James Baker, ancien puissant secrétaire d’Etat de l’administration Bush père, et Lee Hamilton, ancien président de la commission des affaires étrangères des la Chambre des représentants, se préparent à finaliser un plan pour changer la politique américaine au Moyen-Orient, à la demande du président.

Si Bush se décide à adopter ce plan, le moment tant attendu arrivera où les Etats-Unis commenceront à agir dans la région à partir d’hypothèses différentes. Et il est bien sût impératif, compte tenu des positions de l’Iran, que la politique étrangère de Washington s’adapte à ses véritables intérêts. Beilin et ses collaborateurs ont déjà rencontré, au cours de la préparation de leur document, tous ceux qui comptent au sein de l’Autorité palestinienne : Abbas, des proches conseillers comme Yasser Abed Rabbo, Saeb Erekat et Salam Fayyad.
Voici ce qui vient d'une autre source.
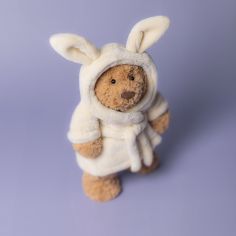 Ours en peluche Bartholomew avec peignoir (26 cm)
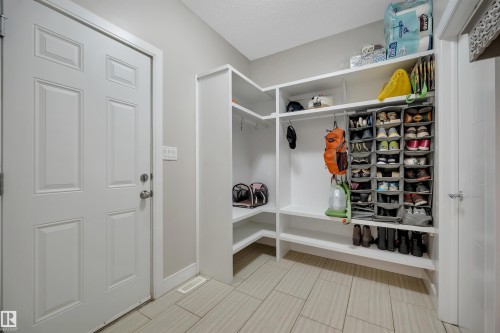 3910 49 Avenue, Beaumont, AB - Indoor
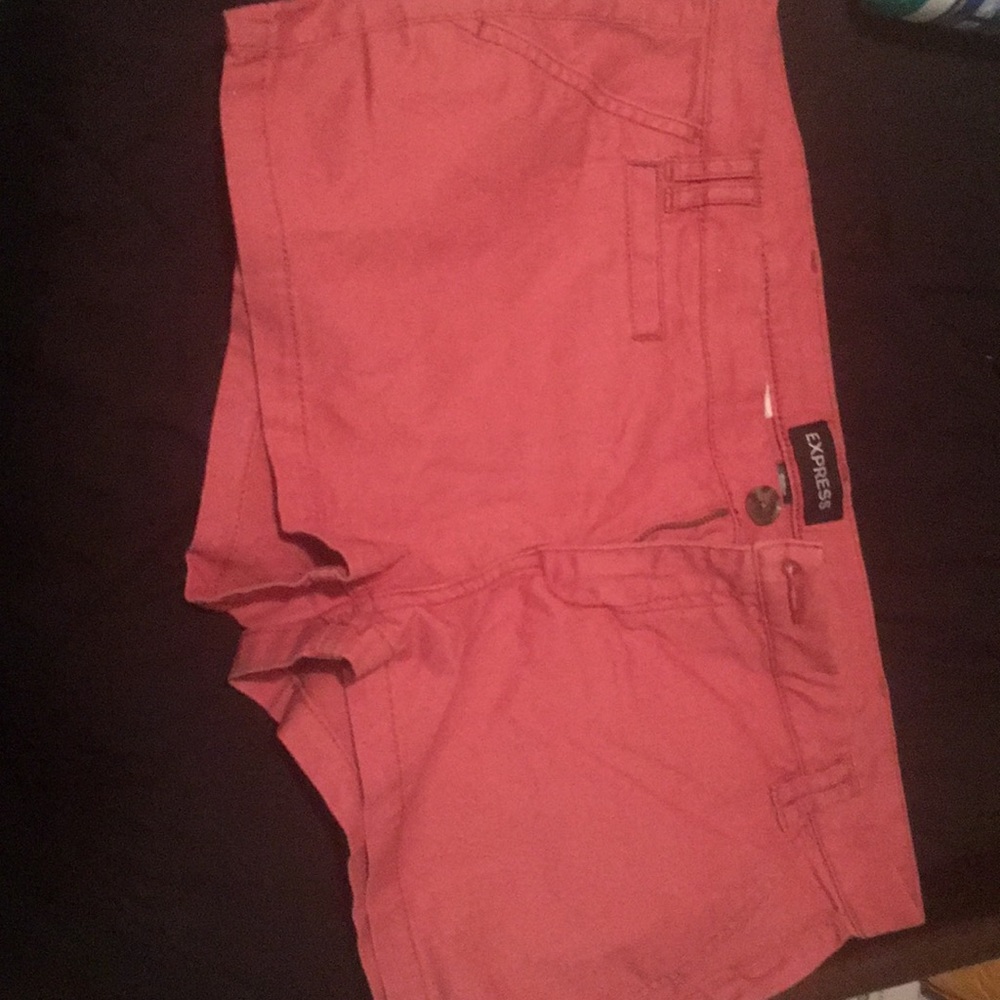 Salmon shorts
Deux jours avant la visite d’Olmert à Washington, Beilin a remis le document à David Welch, vice-secrétaire d’Etat chargé des affaires du Moyen-Orient, à Koffi Annan à New York, et aux personnalités qui conduisent la diplomatie européenne, comme Javier Solana. Cette liste de personnalités n’a pas été choisie au hasard. Si Olmert n’avait agi ne serait-ce qu’un peu en ce sens, Shalit aurait été libéré depuis quelque temps déjà, et la ville de Sderot n’aurait peut-être pas eu à enterrer Faima (Fatima) Slutsker.
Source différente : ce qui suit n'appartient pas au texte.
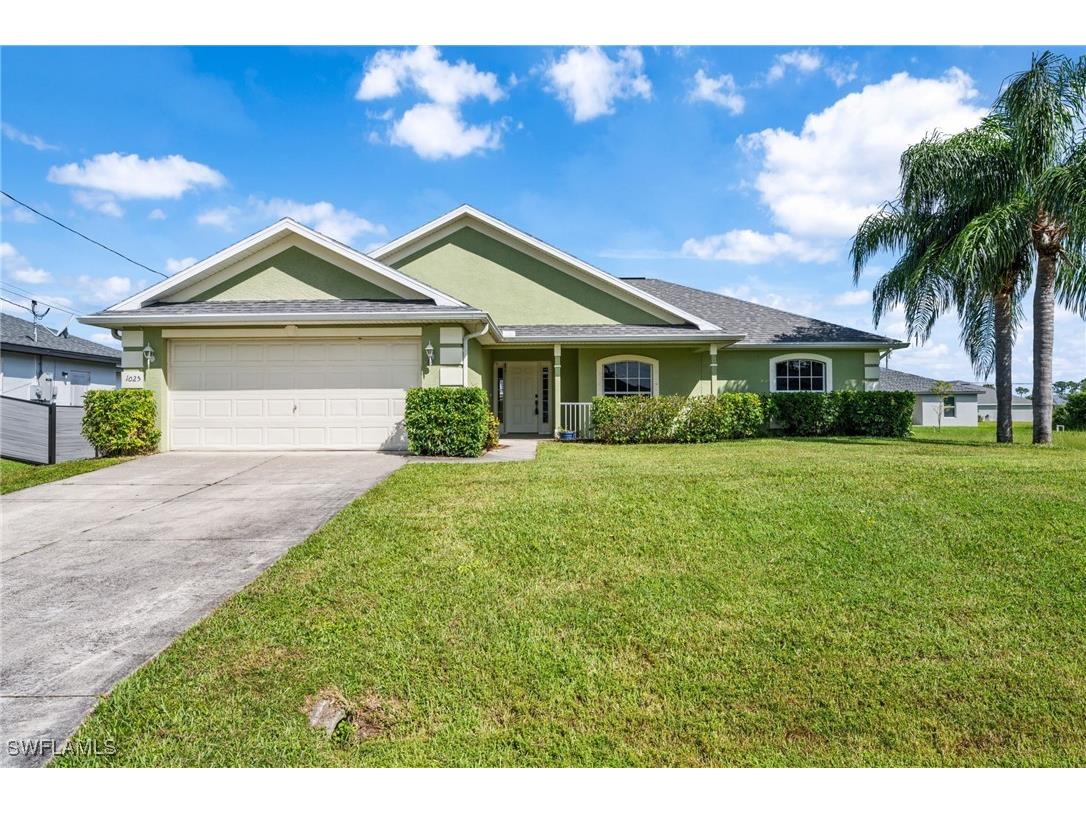 1025 NE 36th Terrace Cape Coral FL 33909 224080393 image1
Beilin a choisi délibérément de ne pas parler avec les représentants du Hamas. Il a laissé cela au président de l’Autorité palestinienne, et ce n’est pas un hasard si ce dernier a choisi cette semaine pour prononcer un discours d’apaisement et une invitation à la négociation (« Ne ratez pas la paix »). Le document prévoit de sauter la première phase de la Feuille de route, dans le coma depuis plusieurs années, et de commencer à évoquer des retraits israéliens à grande échelle des territoires occupés. La décision quant à la création d’un Etat dans des frontières provisoires appartiendra à l’Autorité palestinienne. Au cours des pourparlers prévus, la première décision concernera évidemment l’institution d’un cessez-le-feu. L’Autorité palestinienne libérera Gilad Shalit, en même temps que la libération d’un nombre important de prisonniers palestiniens par Israël (après tout, Ehoud Olmert l’a promis), et qu’un allègement des conditions de vie honteuses imposées à la bande de Gaza.

Les questions de Jérusalem et des réfugiés seront discutées lors de l’étape suivante des négociations, sur un accord de règlement définitif, avec l’aide des Etats-Unis, de l’Union européenne et du « quartet arabe » (Egypte, Jordanie, Arabie saoudite et Emirats). L’accord aura pour base les lignes de 1967 et la proposition saoudienne, adoptée par deux fois depuis quatre ans par des sommets des Etats arabes, avec des « modifications qui reflèteront la réalité sécuritaire et démographique, agréées par les deux parties. »

Que ceux qui, à droite, détestent Beilin disent ce qu’ils veulent. Le nouveau plan Beilin, rendu public pour la première fois ici, propose ce qu’Olmert, avec ses artifices, avait le devoir de proposer il y a longtemps. Ce plan, dont les détails dépassent le cadre de cet article, n’est pas assuré de réussir. Mais il prouve une fois encore que le calme et la tranquillité ne seront notre lot que quand il sera mis fin à la politique irresponsable du premier ministre : un homme qui parle bien, mais dont les échecs sont dangereux.